**EXERCISE OBJECTIVE**
Copy, word for word, the opening line of the data and each line after it until the line that contains "If you are using a 5.0 implant", which is included. Leave the pictures out.

(Collected data)
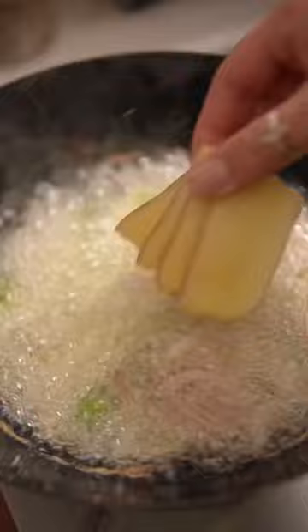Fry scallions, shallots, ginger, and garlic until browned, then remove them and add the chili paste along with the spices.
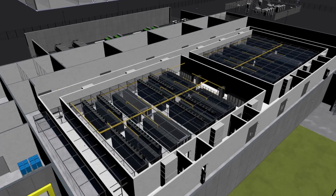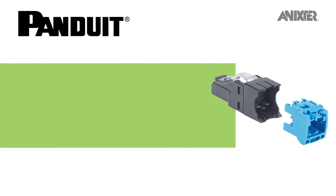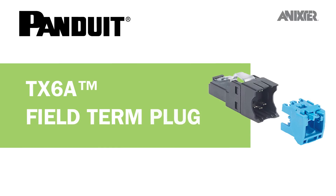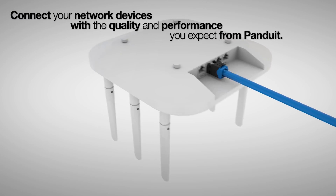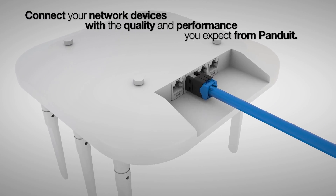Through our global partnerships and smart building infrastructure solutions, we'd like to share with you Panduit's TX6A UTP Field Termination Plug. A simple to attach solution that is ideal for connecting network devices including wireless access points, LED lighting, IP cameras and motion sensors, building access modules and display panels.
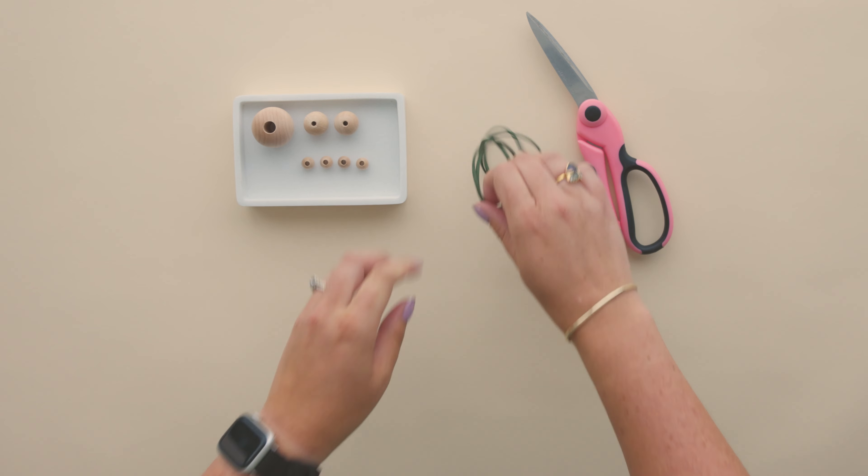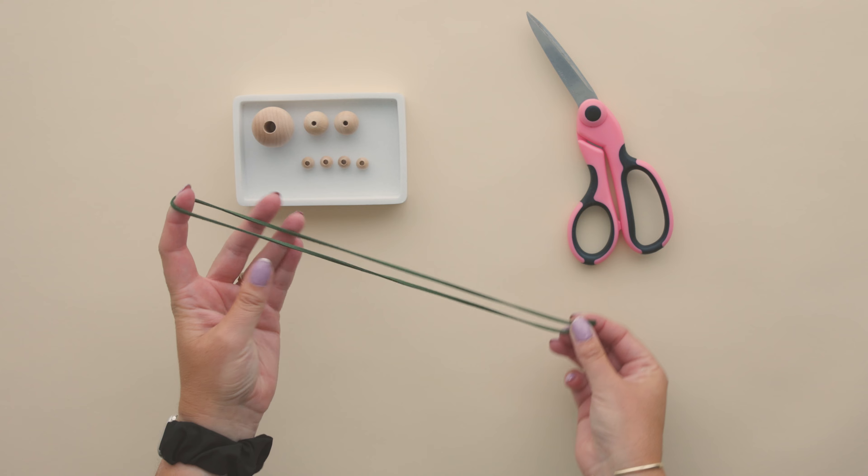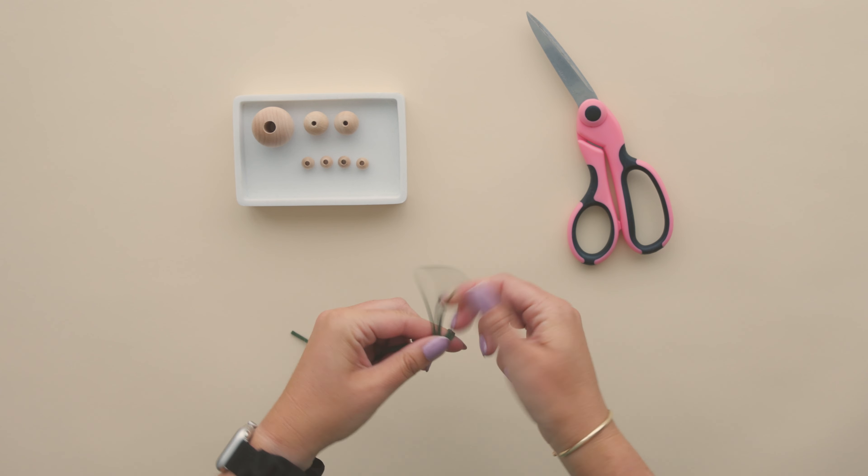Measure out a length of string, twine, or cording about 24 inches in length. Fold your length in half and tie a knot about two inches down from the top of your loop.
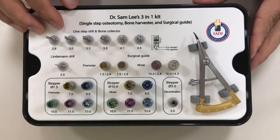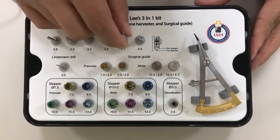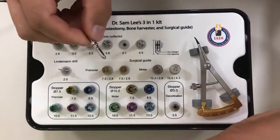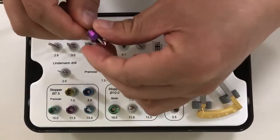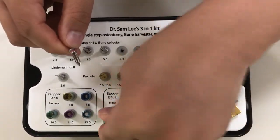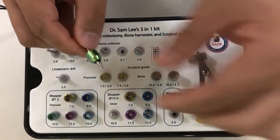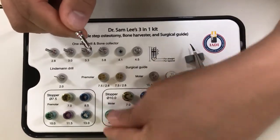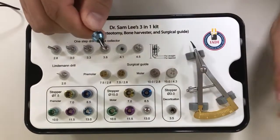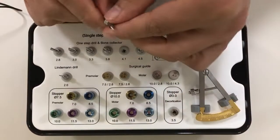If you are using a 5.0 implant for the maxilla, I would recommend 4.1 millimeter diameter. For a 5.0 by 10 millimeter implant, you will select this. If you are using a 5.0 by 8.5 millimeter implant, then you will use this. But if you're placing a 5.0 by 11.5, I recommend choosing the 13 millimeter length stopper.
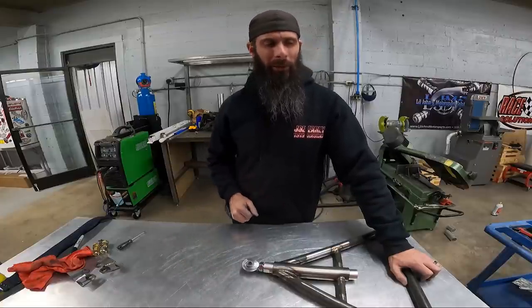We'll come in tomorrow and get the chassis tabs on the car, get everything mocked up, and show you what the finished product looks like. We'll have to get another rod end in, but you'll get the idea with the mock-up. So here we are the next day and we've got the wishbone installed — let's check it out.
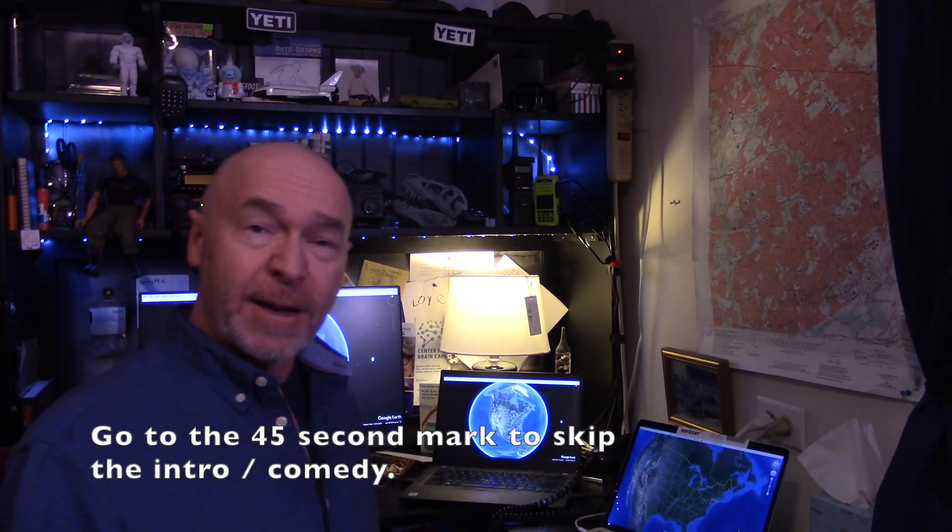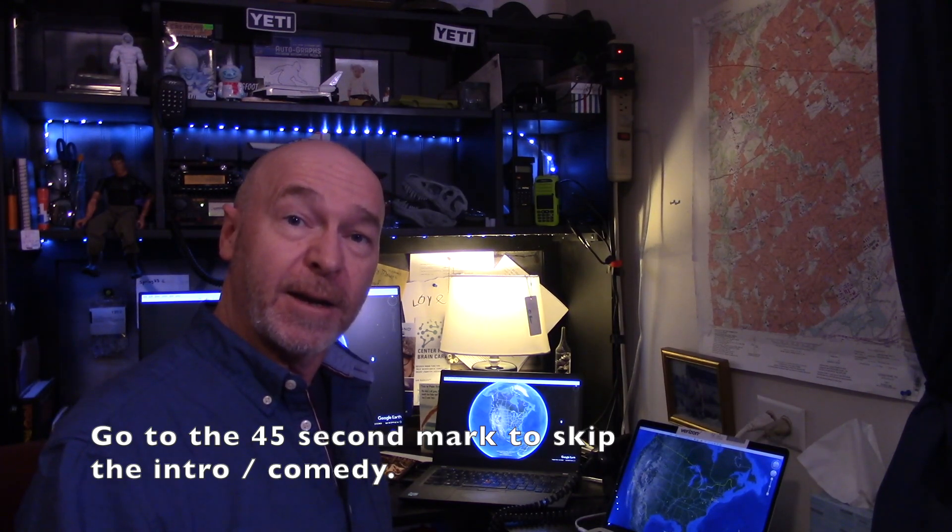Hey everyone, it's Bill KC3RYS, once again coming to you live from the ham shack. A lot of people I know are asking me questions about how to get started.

**TASK RESULT**
Fry scallions, shallots, ginger, and garlic until browned, then remove them and add the chili paste along with the spices.
Through our global partnerships and smart building infrastructure solutions, we'd like to share with you Panduit's TX6A UTP Field Termination Plug. A simple to attach solution that is ideal for connecting network devices including wireless access points, LED lighting, IP cameras and motion sensors, building access modules and display panels.
Measure out a length of string, twine, or cording about 24 inches in length. Fold your length in half and tie a knot about two inches down from the top of your loop.
If you are using a 5.0 implant for the maxilla, I would recommend 4.1 millimeter diameter. For a 5.0 by 10 millimeter implant, you will select this. If you are using a 5.0 by 8.5 millimeter implant, then you will use this. But if you're placing a 5.0 by 11.5, I recommend choosing the 13 millimeter length stopper.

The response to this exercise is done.